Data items
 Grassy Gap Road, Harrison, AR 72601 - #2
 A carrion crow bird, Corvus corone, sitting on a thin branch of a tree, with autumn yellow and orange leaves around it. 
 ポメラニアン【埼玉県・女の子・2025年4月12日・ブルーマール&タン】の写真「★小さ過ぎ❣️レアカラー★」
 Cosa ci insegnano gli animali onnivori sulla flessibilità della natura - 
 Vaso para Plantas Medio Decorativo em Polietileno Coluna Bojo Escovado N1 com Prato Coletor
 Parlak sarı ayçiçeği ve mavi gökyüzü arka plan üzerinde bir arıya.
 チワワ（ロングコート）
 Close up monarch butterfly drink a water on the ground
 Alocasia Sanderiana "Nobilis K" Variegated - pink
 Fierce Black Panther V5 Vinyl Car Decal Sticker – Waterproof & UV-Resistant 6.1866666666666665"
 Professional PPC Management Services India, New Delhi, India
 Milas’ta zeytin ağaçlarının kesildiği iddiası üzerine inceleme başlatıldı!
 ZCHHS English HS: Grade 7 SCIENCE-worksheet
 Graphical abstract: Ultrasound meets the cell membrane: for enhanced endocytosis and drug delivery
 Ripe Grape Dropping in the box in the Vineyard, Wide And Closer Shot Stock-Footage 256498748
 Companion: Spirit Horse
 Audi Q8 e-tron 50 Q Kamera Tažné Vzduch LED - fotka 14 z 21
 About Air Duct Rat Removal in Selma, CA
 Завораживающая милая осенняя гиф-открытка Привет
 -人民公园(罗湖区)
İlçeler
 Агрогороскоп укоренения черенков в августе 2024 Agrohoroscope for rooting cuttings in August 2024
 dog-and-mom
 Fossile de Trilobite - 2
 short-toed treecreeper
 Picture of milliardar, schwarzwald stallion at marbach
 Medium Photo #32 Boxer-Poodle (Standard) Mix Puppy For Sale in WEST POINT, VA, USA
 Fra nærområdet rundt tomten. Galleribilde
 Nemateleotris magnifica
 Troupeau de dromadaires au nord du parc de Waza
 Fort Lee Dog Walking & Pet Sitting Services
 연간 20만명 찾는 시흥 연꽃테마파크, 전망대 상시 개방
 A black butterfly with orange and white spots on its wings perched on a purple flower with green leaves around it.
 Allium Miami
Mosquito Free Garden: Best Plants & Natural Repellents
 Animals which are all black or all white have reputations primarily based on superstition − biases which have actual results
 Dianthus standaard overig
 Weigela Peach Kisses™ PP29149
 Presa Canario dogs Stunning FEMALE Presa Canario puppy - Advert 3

**Work item**
Exactly reproduce the lines that run from the line with "Fra nærområdet rundt tomten. Galleribilde" through the last line of the records, inclusive.

**Answer for this exercise**
 Fra nærområdet rundt tomten. Galleribilde
 Nemateleotris magnifica
 Troupeau de dromadaires au nord du parc de Waza
 Fort Lee Dog Walking & Pet Sitting Services
 연간 20만명 찾는 시흥 연꽃테마파크, 전망대 상시 개방
 A black butterfly with orange and white spots on its wings perched on a purple flower with green leaves around it.
 Allium Miami
Mosquito Free Garden: Best Plants & Natural Repellents
 Animals which are all black or all white have reputations primarily based on superstition − biases which have actual results
 Dianthus standaard overig
 Weigela Peach Kisses™ PP29149
 Presa Canario dogs Stunning FEMALE Presa Canario puppy - Advert 3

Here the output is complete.